Reconhecimento internacional e marco normativo
A comunidade internacional acompanha o modelo brasileiro com interesse, especialmente por seu desenho institucional e pelos resultados em segurança jurídica.
No plano normativo, destaca-se a adoção, pelo Conselho Nacional de Justiça, de regras para execução da Apostila da Haia, que facilita o reconhecimento de documentos no exterior e é apontada como exemplo de integração de cartórios brasileiros a padrões globais.
Segundo o setor, delegações estrangeiras já buscaram conhecer de perto a estrutura nacional de registros, o que reforça a percepção de referência regional.
O que está em jogo na Reforma Administrativa
O debate em torno da Reforma Administrativa reacende dúvidas sobre o futuro do arranjo institucional dos cartórios.
Propostas que indiquem estatização ou que reduzam a autonomia dos delegatários são vistas por registradores como risco de retrocesso institucional, com potencial para afetar a fé pública, a previsibilidade dos atos e a proteção de direitos.
Meireles afirma que qualquer alteração deve observar critérios claros, transparência e respeito a direitos adquiridos, para não fragilizar a credibilidade do sistema.
Do outro lado, quem defende ajustes estruturais costuma apontar necessidade de ampliar a cobertura em áreas com baixa oferta de serviços, aperfeiçoar mecanismos de transição nas vacâncias e intensificar metas de desempenho, sem perder de vista a responsabilidade social.
Nesse ponto, há espaço de convergência: o setor reconhece que há melhorias a fazer, sobretudo na digitalização integral de fluxos, na capacitação contínua e na uniformização de procedimentos em todos os Estados.

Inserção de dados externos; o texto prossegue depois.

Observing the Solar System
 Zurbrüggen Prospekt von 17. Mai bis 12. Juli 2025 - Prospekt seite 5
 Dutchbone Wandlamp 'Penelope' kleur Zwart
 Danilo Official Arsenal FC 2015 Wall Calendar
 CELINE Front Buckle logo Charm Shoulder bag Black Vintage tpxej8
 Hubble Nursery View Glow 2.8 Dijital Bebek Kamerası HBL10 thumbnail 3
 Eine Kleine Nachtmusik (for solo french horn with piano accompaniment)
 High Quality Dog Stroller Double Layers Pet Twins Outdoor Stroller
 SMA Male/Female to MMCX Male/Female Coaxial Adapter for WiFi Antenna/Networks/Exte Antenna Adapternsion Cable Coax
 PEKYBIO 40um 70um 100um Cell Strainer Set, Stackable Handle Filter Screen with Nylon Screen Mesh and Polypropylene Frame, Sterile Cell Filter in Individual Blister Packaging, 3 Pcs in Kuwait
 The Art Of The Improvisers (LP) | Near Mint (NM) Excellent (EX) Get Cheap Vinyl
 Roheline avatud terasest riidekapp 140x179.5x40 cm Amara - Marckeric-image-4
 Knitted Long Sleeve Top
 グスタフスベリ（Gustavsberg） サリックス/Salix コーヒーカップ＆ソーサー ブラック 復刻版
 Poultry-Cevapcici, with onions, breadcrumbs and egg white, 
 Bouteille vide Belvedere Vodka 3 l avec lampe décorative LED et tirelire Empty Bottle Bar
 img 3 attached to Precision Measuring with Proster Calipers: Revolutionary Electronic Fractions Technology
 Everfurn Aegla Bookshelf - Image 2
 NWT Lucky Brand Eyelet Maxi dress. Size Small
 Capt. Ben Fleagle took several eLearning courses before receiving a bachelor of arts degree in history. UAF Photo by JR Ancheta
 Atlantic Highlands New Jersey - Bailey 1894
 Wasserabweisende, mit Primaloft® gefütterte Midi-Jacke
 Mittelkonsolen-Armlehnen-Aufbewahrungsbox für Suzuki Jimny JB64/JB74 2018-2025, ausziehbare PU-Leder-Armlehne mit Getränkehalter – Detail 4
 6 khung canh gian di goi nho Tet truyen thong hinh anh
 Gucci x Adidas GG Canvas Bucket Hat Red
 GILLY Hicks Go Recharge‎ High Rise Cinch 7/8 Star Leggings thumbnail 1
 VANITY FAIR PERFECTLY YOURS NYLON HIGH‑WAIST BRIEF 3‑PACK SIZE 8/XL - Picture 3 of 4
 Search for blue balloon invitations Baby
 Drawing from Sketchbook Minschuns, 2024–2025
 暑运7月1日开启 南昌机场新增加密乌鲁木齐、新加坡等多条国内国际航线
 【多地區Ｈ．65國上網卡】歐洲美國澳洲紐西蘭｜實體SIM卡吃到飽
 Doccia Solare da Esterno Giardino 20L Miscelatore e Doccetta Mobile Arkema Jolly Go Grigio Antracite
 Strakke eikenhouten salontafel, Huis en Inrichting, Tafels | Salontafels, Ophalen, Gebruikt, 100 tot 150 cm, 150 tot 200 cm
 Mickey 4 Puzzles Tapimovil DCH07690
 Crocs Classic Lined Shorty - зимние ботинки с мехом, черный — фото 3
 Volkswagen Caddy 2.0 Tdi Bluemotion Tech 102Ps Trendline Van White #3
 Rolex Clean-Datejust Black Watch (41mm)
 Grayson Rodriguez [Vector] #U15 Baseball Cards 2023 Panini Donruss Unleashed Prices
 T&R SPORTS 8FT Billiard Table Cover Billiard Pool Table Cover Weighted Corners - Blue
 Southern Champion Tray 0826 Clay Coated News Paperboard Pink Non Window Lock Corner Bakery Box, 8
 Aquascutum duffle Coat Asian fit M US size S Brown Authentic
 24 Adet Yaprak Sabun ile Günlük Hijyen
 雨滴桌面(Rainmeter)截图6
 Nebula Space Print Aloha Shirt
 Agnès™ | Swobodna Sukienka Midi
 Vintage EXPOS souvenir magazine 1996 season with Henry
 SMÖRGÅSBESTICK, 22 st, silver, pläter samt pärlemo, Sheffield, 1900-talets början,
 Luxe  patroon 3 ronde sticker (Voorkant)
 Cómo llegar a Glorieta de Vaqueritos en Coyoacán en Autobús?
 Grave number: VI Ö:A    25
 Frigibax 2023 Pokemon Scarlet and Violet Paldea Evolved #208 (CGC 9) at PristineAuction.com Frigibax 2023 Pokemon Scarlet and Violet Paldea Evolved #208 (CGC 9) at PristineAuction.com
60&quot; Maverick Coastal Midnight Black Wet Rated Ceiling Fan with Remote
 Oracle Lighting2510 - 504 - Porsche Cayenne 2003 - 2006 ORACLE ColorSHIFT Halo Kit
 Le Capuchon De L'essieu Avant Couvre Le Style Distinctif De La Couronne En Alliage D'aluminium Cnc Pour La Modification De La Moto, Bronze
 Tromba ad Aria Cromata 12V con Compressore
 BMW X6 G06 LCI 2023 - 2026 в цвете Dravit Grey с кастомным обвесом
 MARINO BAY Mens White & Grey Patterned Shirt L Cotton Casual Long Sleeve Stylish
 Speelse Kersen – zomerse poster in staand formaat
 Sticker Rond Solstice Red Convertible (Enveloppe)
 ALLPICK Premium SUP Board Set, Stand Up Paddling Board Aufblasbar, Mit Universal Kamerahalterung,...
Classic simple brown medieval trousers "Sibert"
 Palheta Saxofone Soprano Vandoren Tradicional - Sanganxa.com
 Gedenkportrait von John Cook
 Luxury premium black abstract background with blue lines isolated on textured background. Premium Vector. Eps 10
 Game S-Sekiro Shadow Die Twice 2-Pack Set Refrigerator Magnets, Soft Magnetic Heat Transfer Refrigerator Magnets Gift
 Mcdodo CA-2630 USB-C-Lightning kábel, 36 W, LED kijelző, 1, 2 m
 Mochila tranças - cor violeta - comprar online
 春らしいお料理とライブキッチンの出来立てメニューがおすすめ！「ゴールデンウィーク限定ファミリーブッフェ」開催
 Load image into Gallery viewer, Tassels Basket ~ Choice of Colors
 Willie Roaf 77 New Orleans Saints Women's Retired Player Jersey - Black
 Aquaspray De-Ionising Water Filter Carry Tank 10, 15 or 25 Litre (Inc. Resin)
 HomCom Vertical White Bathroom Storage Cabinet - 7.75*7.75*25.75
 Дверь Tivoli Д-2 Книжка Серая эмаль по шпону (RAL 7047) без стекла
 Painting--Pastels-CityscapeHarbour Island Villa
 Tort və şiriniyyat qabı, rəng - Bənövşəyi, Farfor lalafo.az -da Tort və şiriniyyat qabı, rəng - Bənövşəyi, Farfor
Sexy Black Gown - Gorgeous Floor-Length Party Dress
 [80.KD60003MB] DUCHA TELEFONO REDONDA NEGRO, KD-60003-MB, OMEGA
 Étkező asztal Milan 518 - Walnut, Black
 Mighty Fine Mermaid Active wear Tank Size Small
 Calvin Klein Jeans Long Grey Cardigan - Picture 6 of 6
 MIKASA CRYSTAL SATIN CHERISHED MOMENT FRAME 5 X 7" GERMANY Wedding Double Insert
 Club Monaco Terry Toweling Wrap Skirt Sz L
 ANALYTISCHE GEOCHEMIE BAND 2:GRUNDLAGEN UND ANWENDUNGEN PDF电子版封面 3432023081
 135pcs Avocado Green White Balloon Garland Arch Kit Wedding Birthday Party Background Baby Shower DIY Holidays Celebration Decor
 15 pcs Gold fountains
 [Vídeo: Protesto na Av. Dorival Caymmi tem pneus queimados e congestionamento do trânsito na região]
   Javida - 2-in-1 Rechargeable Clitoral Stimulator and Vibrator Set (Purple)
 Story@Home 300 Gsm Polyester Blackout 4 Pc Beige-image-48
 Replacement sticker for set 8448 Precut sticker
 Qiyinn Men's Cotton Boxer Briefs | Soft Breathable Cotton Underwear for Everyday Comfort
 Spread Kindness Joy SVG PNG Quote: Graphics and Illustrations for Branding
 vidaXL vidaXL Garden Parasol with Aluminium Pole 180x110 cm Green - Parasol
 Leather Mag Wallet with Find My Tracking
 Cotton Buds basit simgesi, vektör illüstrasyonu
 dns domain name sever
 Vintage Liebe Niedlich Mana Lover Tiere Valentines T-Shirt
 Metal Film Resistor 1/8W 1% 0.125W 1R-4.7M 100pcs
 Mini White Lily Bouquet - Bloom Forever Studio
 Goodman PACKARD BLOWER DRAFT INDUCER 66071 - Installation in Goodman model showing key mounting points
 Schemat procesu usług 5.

Caminhos de aperfeiçoamento sem desmontar o modelo
A leitura predominante entre registradores é que o caminho mais seguro passa por aperfeiçoar o que já funciona.
Entre as prioridades, citam-se a expansão de serviços digitais com interoperabilidade nacional, o fortalecimento de plataformas de autenticação eletrônica, a formação técnica permanente e a melhoria dos protocolos para gestão de serventias vagas, evitando descontinuidade do atendimento.
O objetivo, afirmam, é modernizar sem romper os pilares de concorrência, mérito, delegação e fiscalização judicial que estruturam a área desde 1988.
Diante do debate legislativo em curso, a questão central para a sociedade não é apenas “se” mudar, mas “como” fazê-lo, preservando o que entrega resultados e corrigindo gargalos comprovados.
Em um serviço que sustenta transações imobiliárias, crédito, garantia de propriedade e regularização fundiária, a manutenção da segurança jurídica aparece como fio condutor de qualquer ajuste.
Se a Reforma Administrativa avançar, quais salvaguardas deveriam ser explicitadas em lei para garantir eficiência, previsibilidade e proteção de direitos sem abrir espaço para retrocessos?